When you hear the word ‘tech’, it is unlikely your first thought would be ‘insurance.’ Yet over the last 12 months, the insurance industry has adopted the term ‘insurtech’ with gusto, bringing with it a new sense of potential, and perhaps even more importantly, an upsurge in funding. Investment in insurtech companies has sky-rocketed, with £218 million invested into UK  insurance start-ups in the first six months of 2017 compared with just £7.8 million in the same period of the previous year.

 

Admittedly, a single company accounts for a big part of that jump.  Gryphon Insurance’s £180 million fundraising is cited as the biggest of its kind by an insurtech startup.  Even when putting this remarkable fundraising aside, UK insurtech investment activity is said to have risen by 422% in the first half of 2017.  Significantly, it is often the major incumbents which are recognising the enormous value that innovative technologies can bring to their businesses.

 

For insurers, one of the biggest areas of opportunity for incumbents and start-ups alike lies with harnessing Big Data – a commodity often referred to as “the next oil”. It’s difficult to comprehend how much more data will be in existence in just five years' time, but to put things into perspective, the International Data Corporation (IDC) estimates that worldwide revenues for big data and business analytics (BDA) will grow from $150.8 billion  in 2017  to more than $ 210 billion in 2020.

 

Until recently, only devices such as computers, tablets and phones were able to connect to the internet. But now there are 8.4 billion internet-enabled smart devices that can communicate and interact with other machines, forming the Internet of Things (IoT). And this figure is likely to grow to over 20 billion connected devices by 2020. 

 

Used imaginatively, the data collected and analysed through IoT can facilitate a better understanding of a customer’s risk profile, smarter marketing, and more accurate pricing. This is already transforming the way insurers do business with their policyholders.  And many companies are now using the data they collect to create personalised multi-media marketing campaigns, tailored products, bespoke pricing and a more efficient claims process.

 

Furthermore, the data is being used by insurers to predict undesirable outcomes, which has in turn reduced risk and premium costs for the policyholder as well as cementing a relationship based on mutual benefit. One such example is the use of black boxes, or telematics, in cars that monitor how safely the user drives. This enables insurers to reward good driving with lower premiums or discounts. Many big name UK insurers, including Direct Line, Bell, Admiral, Tesco Bank and the RAC, are already offering the service. Indeed, according to Ptolemus, there are currently 850,000 telematics-based motor insurance policies used in the UK – a number that is growing by 6-8% a quarter.

 

Data collected by drones can further help decrease losses and obtain compensation in the wake of natural disasters. For example, losses from Hurricane Irma have been predicted to reach $20- to $40 billion.  But digital images collected by drones, which otherwise would have taken immense manpower and resources to obtain, could facilitate faster loss assessments and claim processing.

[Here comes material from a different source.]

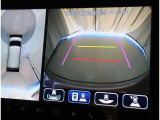 全方位カメラ装備☆前後左右4つのカメラが上から見ているように映すので安心して駐車できます♪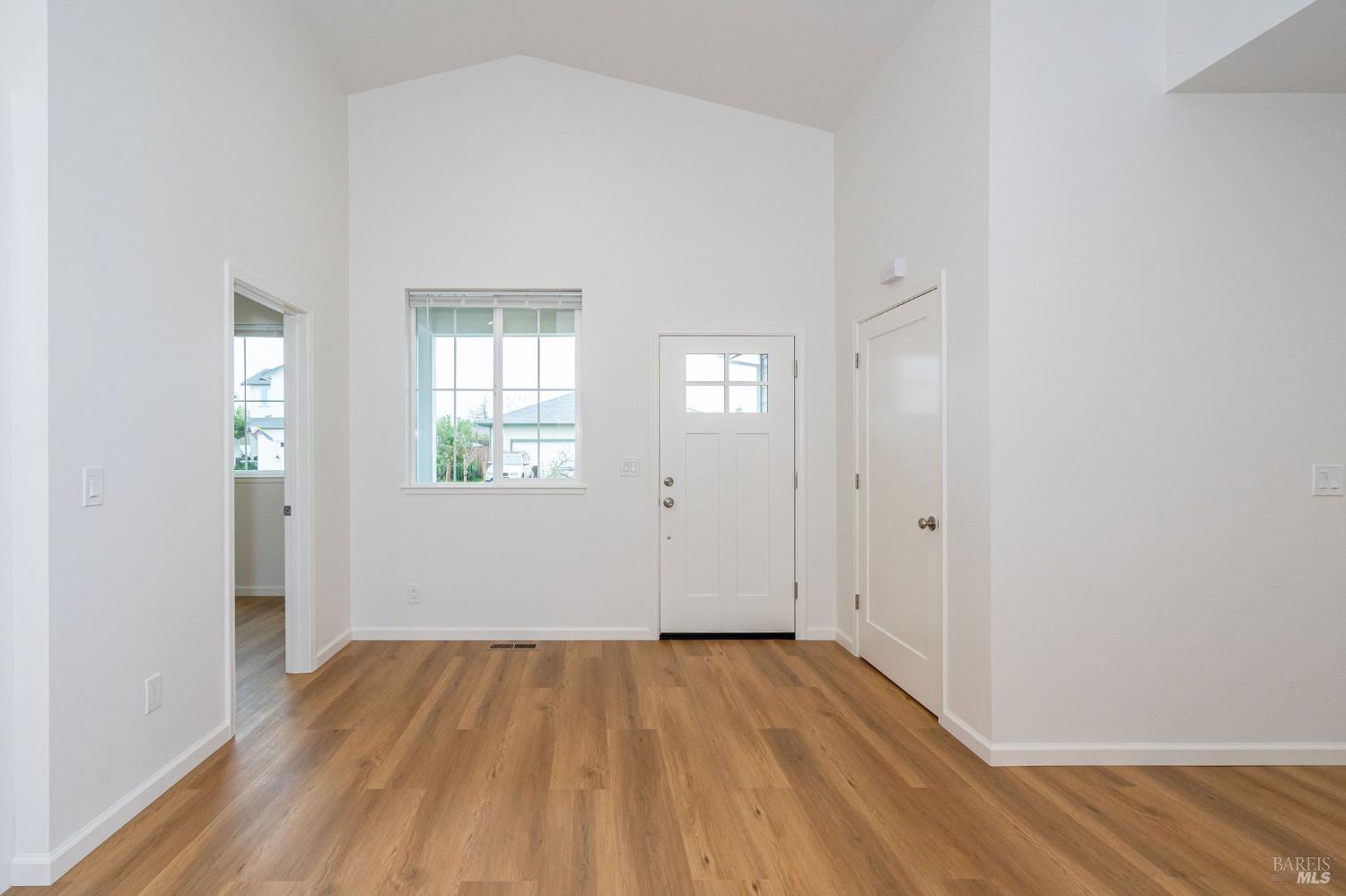 Detail Gallery Image 5 of 43 For 1924 San Salvador Dr, Santa Rosa,  CA 95403 - 4 Beds | 2 Baths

This data can also play a part in predicting the areas that would be most heavily impacted, so reducing risk in the industry.

 

However, as with the use of any valuable commodity, some risks remain, and the use of data gathered from the IoT must be managed safely, securely and confidentially. Insurers have a huge burden of responsibility to ensure that, once they have gained the consent of their customers to use the huge bank of ‘big data’, it will be protected.

 

The industry took steps to build trust in this regard by recently publishing a customer guide “How Data Makes Insurance Work Better for You. Within it, the Association of British Insurers sets out the case for change, outlining some of the expected benefits customers will see in return for agreeing to use their data. Most importantly, it outlines the industry’s commitment to how that data will be used – ‘safely, securely and confidentially’.

 

CIOs and CISOs are clearly under a great deal of pressure not only from the demands for increased scalability as the sources of data presented by the rise of the IoT, but also building trust around growing security requirements. So how can insurers manage and analyse the huge amount of data the IoT generates, while exploiting the flexibility of on-demand services, without compromising security?

 

One of the answers is a specialised cloud solution that combines public, private and hybrid services into one single cloud that insurance companies can manage centrally. This can provide the insurance community with a highly secure ecosystem that connects thousands of applications and services with users worldwide. This helps to build security into the entire cloud environment, permitting employees and customers to connect securely from any location and device to any service and enabling financial and insurance companies to fully capitalise on the benefits that the IoT has to offer.

 

This approach allows large organisations around the world to connect easily and securely to the data centres, applications and data they need, independently of where they are hosted.  Employing it allows the CIO to have a consolidated view of all different clouds the organisation is using, and eliminates insecure services, or improves them by employing appropriate security measures. Centralising control also helps build security into the entire cloud environment, permitting employees and customers to connect securely from any location and device to any service.

 

The immense level of growth that the industry has experienced in the past year demonstrates that we are on the cusp of a truly digital age for insurance. Together, Big Data and IoT create innumerable opportunities for the insurance sector; however, there are still barriers that must be overcome in order for the industry to realise insurtech’s full potential. As such, its success depends on collaboration to manage this enormous resource in a secure and scalable way.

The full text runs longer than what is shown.